Should children participate in household chores? According to family coach and speaker Lori Sugarman-Li, there’s a wonderful opportunity to enlighten children on the scope and value of the work that goes into daily family life. Not with the idea of burdening children with this work. Rather, to invite them to be essential players on the family team. To foster empowerment and skill-building and instill pride in participation. Kids are thoughtful and capable, and their contributions can meaningfully impact how a family thrives.

However, a great deal of what it takes to run a home and family is invisible. It happens in the shadows, when children are asleep or at school, or is unseen because it lies in the cognitive or “mental load” of this work.

Shining a light on the unpaid labor that sustains our families has multiple benefits.

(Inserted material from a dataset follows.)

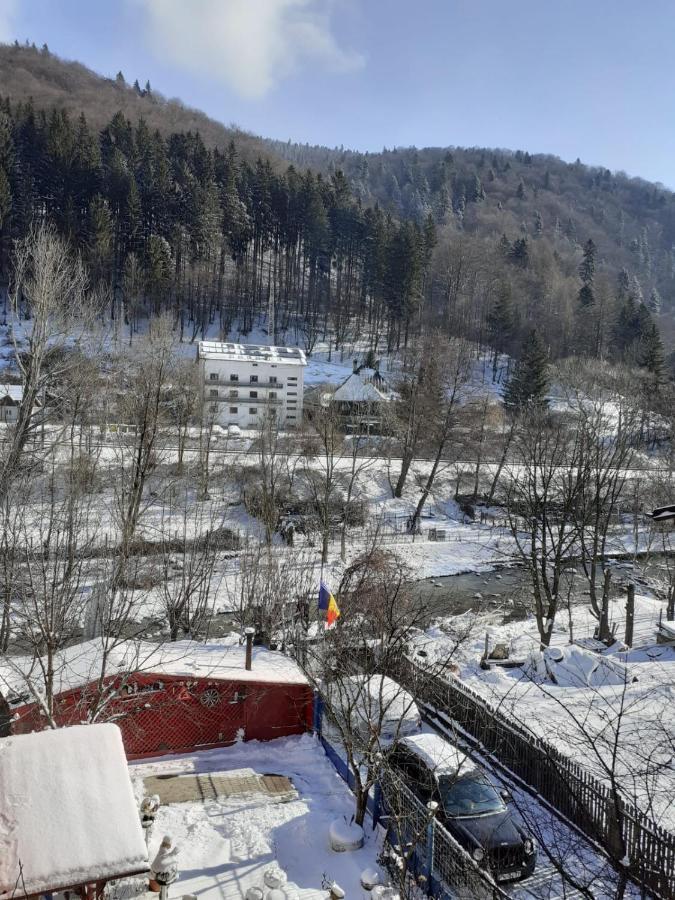 Casa Ryana Sinaia Hotel ภายนอก รูปภาพ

  • To Mum, who typically shoulders the bulk of this work – it’s a chance to be increasingly seen, understood, valued and shared.
  • To whole family wellness, when support of one another becomes centered in gratitude and the division of labor is redistributed to reflect greater equity.
  • To the children themselves who, a Harvard study says, will achieve greater professional success and personal relationship strength as a result of their engagement in chores.

In support of children’s understanding of and cooperation in the tasks of home, the American Academy of Child and Adolescent Psychiatry (2018) cites:

“Research suggests there are benefits to including chores in a child’s routine as early as age 3. Children who do chores may exhibit higher self-esteem, be more responsible, and be better equipped to deal with frustration, adversity, and delayed gratification. These skills can lead to greater success in school, work, and relationships.”

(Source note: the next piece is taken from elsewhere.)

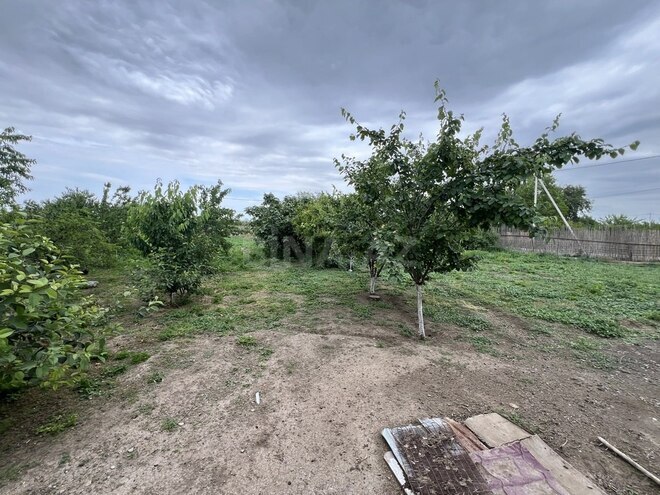 8 otaqlı həyət evi/bağ evi - Goranboy - 200 m² (29)
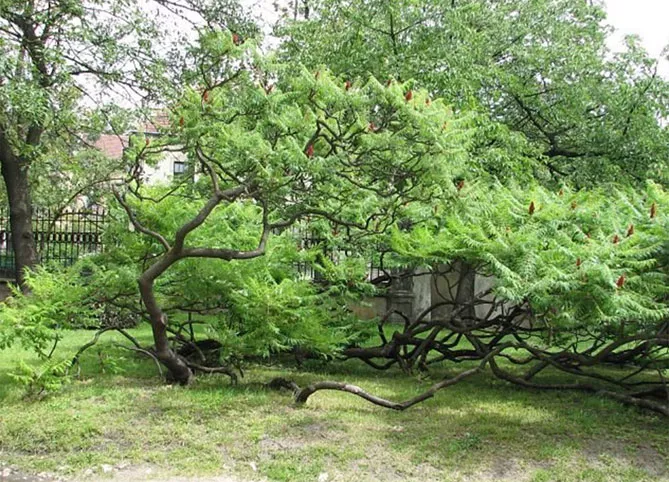 Сумах с пантами оленя или уксусное дерево – посадка и уход, фото сортов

Should children participate in household chores?

It can be tempting to want to protect younger children from this “work,” encouraging them to bask instead, while they can, in a bubble of play. Equally, we might guide our older children to focus solely on the academics and extracurricular involvements that will lead directly to their desired post-graduate plan.

According to a Braun Research study, only 28% of parents require their children to do chores.

Holistic parenting, however, requires us to prepare our kids to be independent and, someday, maybe partners too. The skills required for them to appreciate and maintain the wellness that accompany success in learning, like preparing a nourishing snack, maintaining clean bed linens and organized, tidy spaces cannot be ingrained too early.

Involving children in the work of home doesn’t have to be a battle or compromise. With patience and encouragement, you can partner with children in developing a willing and meaningful contribution to the household.

These 10 tips can help propel your whole family to a more connected and supportive approach to household tasks:

  1. Sit down together and regroup on family values. Include children in a conversation about what is important – and what is not – to the way your family unit flows through life.
  2. Reflect with kids on the scope and the “why” of this work your family takes on. It is much more than a list of “to-dos” – there is meaning behind each task.
  3. Change the energy you give to the word “chore.” Talk about them not as dreaded tasks but as acts of gratitude for all you have and care for the space you share.
  4. Include children in setting standards for task completion. Have them collaborate with you on breaking larger chores into smaller, clear, manageable, and manageable steps. Talk about and honor that we are all wired differently and create standards that allow everyone to thrive.
  5. Play to kids’ strengths by matching them with tasks that suit their skills, passions, needs, or desire for support.
  6. Make it fun by incorporating challenges, rewards, sibling swaps where kids clean each other’s spaces, etc. Play music, break for special treats – anything that incorporates delight!
  7. Empower children to be “noticers”, “owners”, “leaders” of their tasks – not just executes.
  8. Acknowledge the pull of distractions like screens and social media and incorporate them into the tasks. Have your kids make a how-to empty the dishwasher video to share with friends on a private YouTube channel or encourage them to save Premier League highlights so they can watch while folding socks and towels.
  9. Recognize there is beauty and meaning in doing this work together. Invite children to join you in safe and age-appropriate tasks. By observing and dabbling, they will grow into independent people. Connecting with our children need not only occur during moments of relaxation or leisure. Sharing the work of home and care is also a wonderful chance for bonding, laughing and growth.
  10. Acknowledge their efforts. Commend them for attempting and completing tasks without a focus on perfection. Also, share the impact their contribution had on you, i.e., how you used the freed-up time. Positive reinforcement propels their confidence and encourages commitment to the process.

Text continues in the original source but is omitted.